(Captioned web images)

----------------------------------------

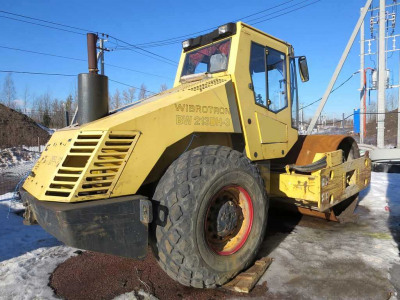 Грунтовый каток BOMAG 213 2000 года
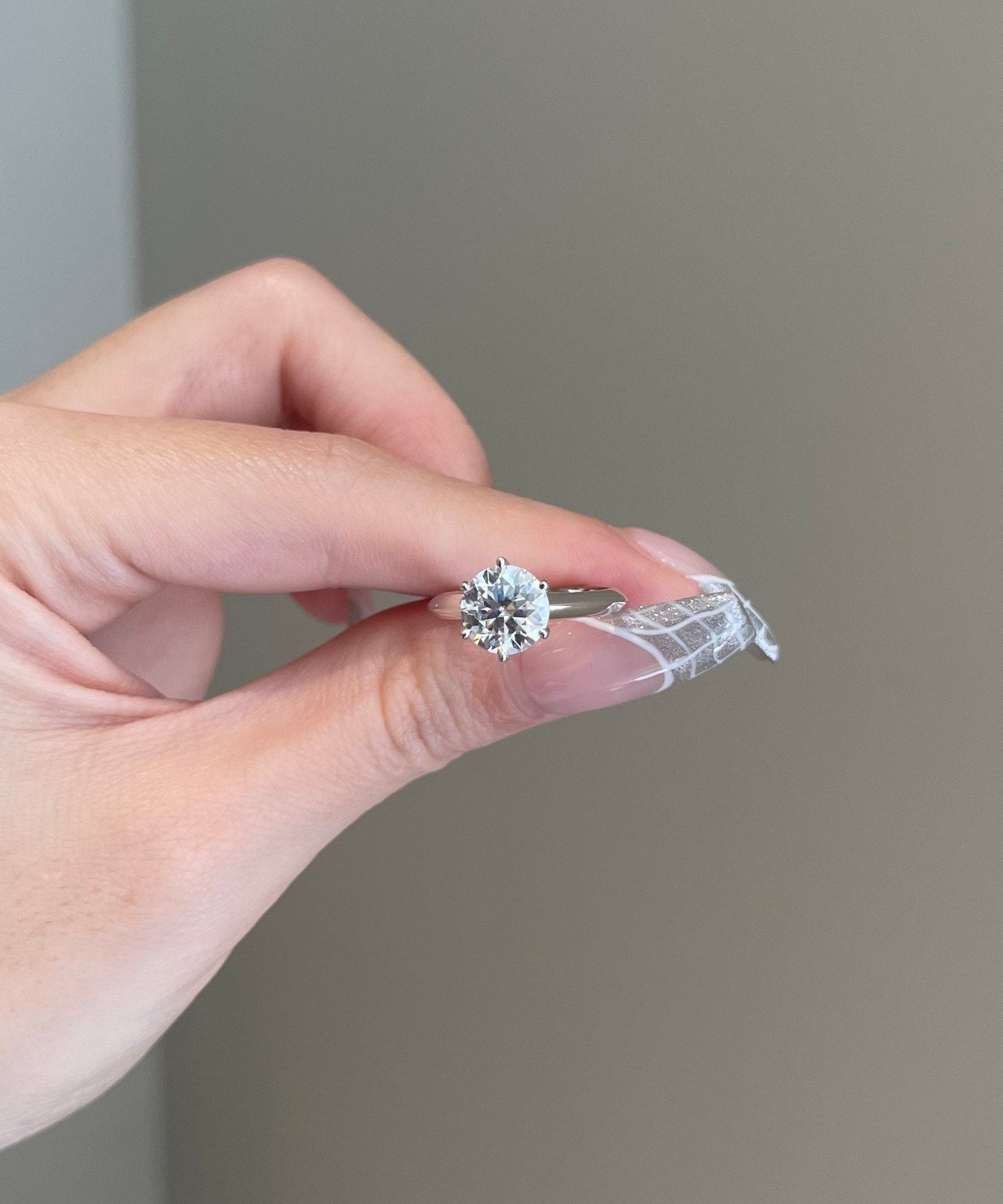 2.0 CT Round Shaped Moissanite Solitaire Engagement Ring 1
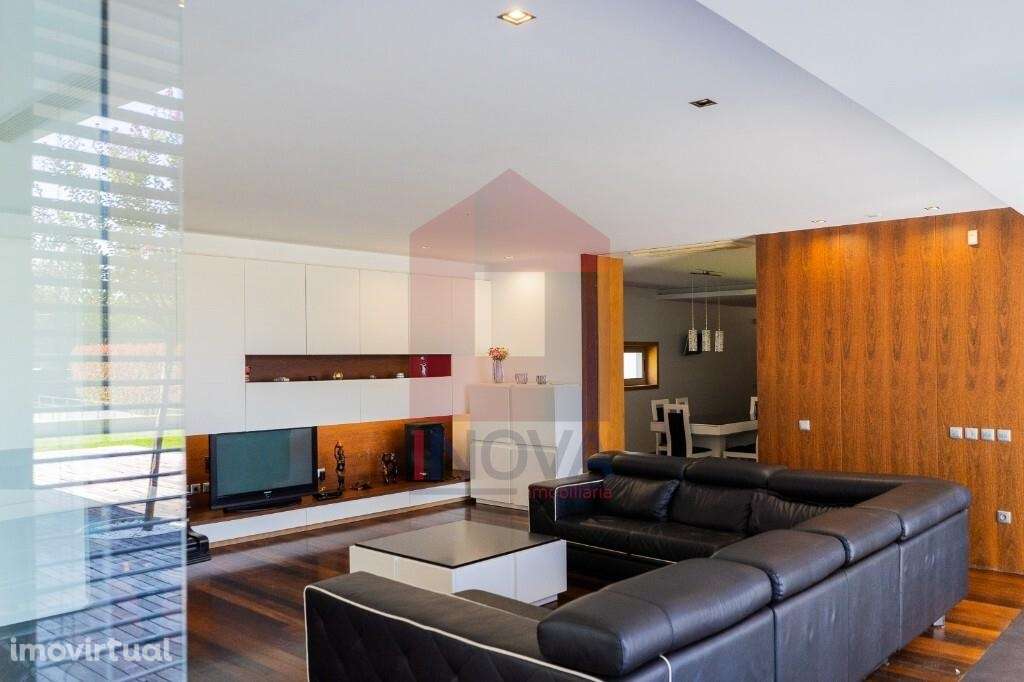 Moradia V4 com Piscina, Sabariz - Grande imagem: 3/36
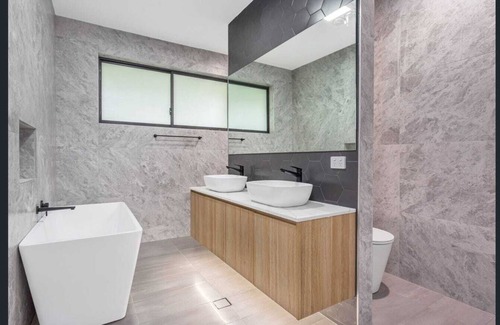 Brooklyn House | Entire House by Hawkesbury River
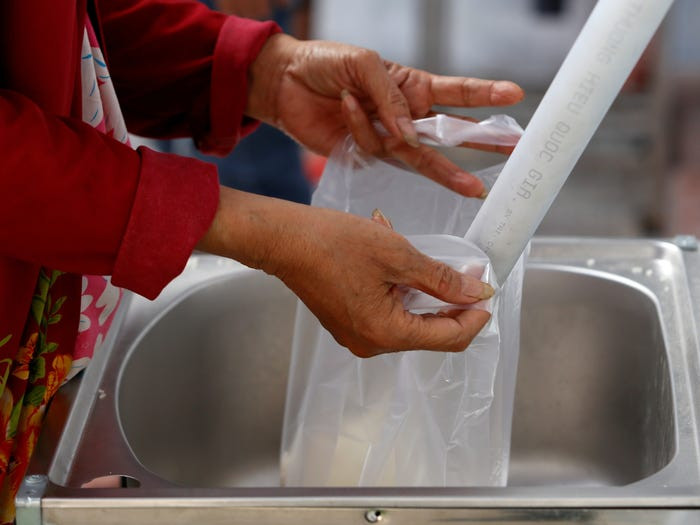 Theo Reuters, các biện pháp giãn cách xã hội này kéo dài 15 ngày, bắt đầu từ 31/3 khiến nhiều doanh nghiệp nhỏ phải đóng cửa, hàng nghìn lao động phải nghỉ việc tạm thời. Ảnh: Reuters.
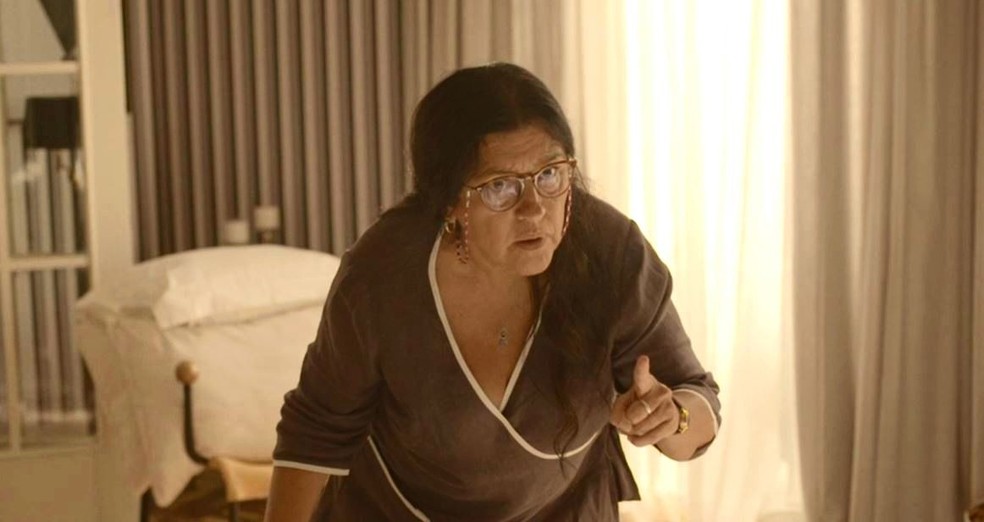 Lurdes (Regina Casé) dá ultimato em 'Amor de Mãe' — Foto: Globo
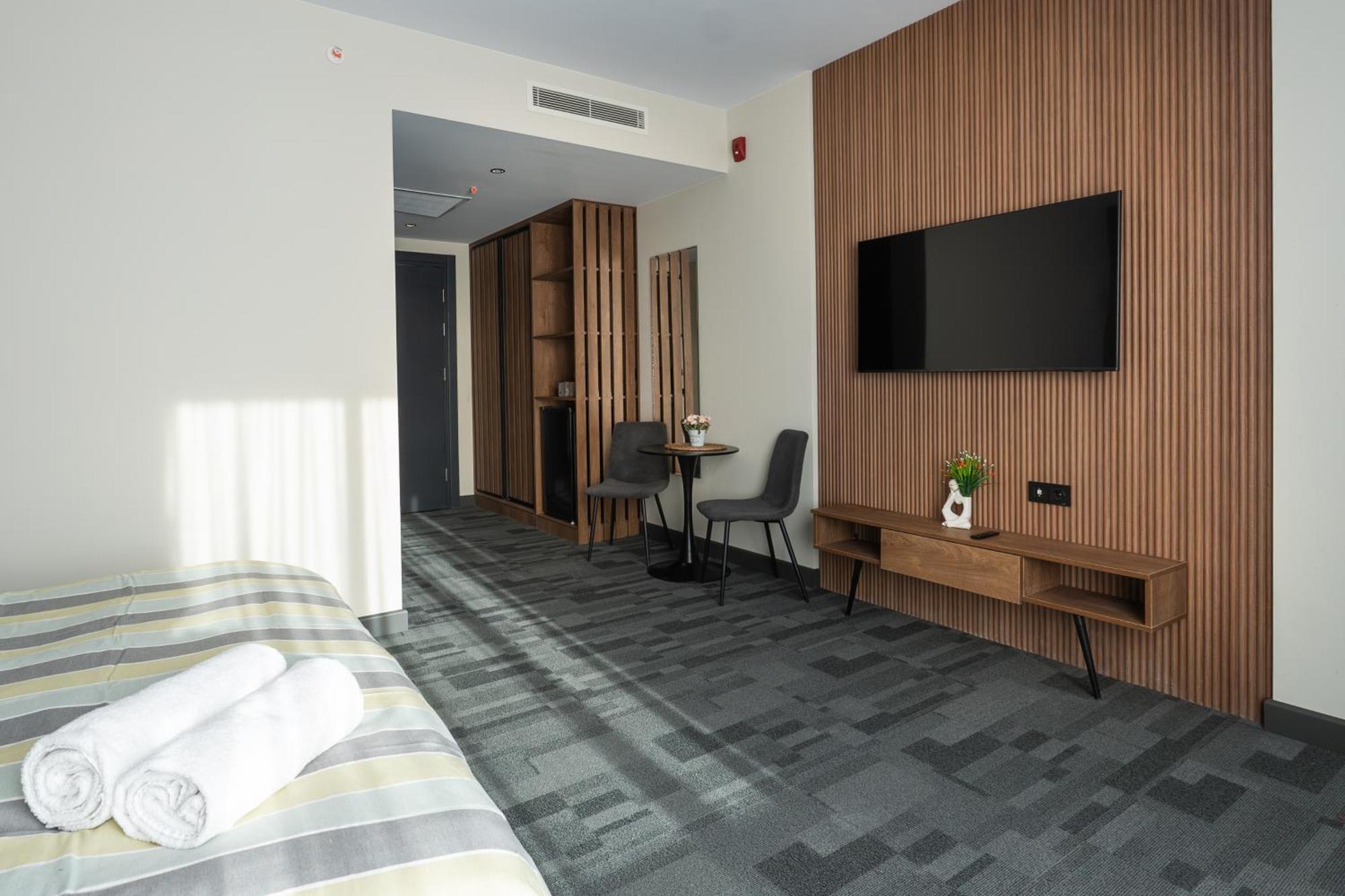 Nova Luxe Hotel & Residences Batumi Exterior photo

----------------------------------------

Work request ::
If pictures appear, drop them, and retype exactly the lines from the "2.0 CT Round" line through the last line of the data above.

Response area ::
 2.0 CT Round Shaped Moissanite Solitaire Engagement Ring 1
 Moradia V4 com Piscina, Sabariz - Grande imagem: 3/36
 Brooklyn House | Entire House by Hawkesbury River
 Theo Reuters, các biện pháp giãn cách xã hội này kéo dài 15 ngày, bắt đầu từ 31/3 khiến nhiều doanh nghiệp nhỏ phải đóng cửa, hàng nghìn lao động phải nghỉ việc tạm thời. Ảnh: Reuters.
 Lurdes (Regina Casé) dá ultimato em 'Amor de Mãe' — Foto: Globo
 Nova Luxe Hotel & Residences Batumi Exterior photo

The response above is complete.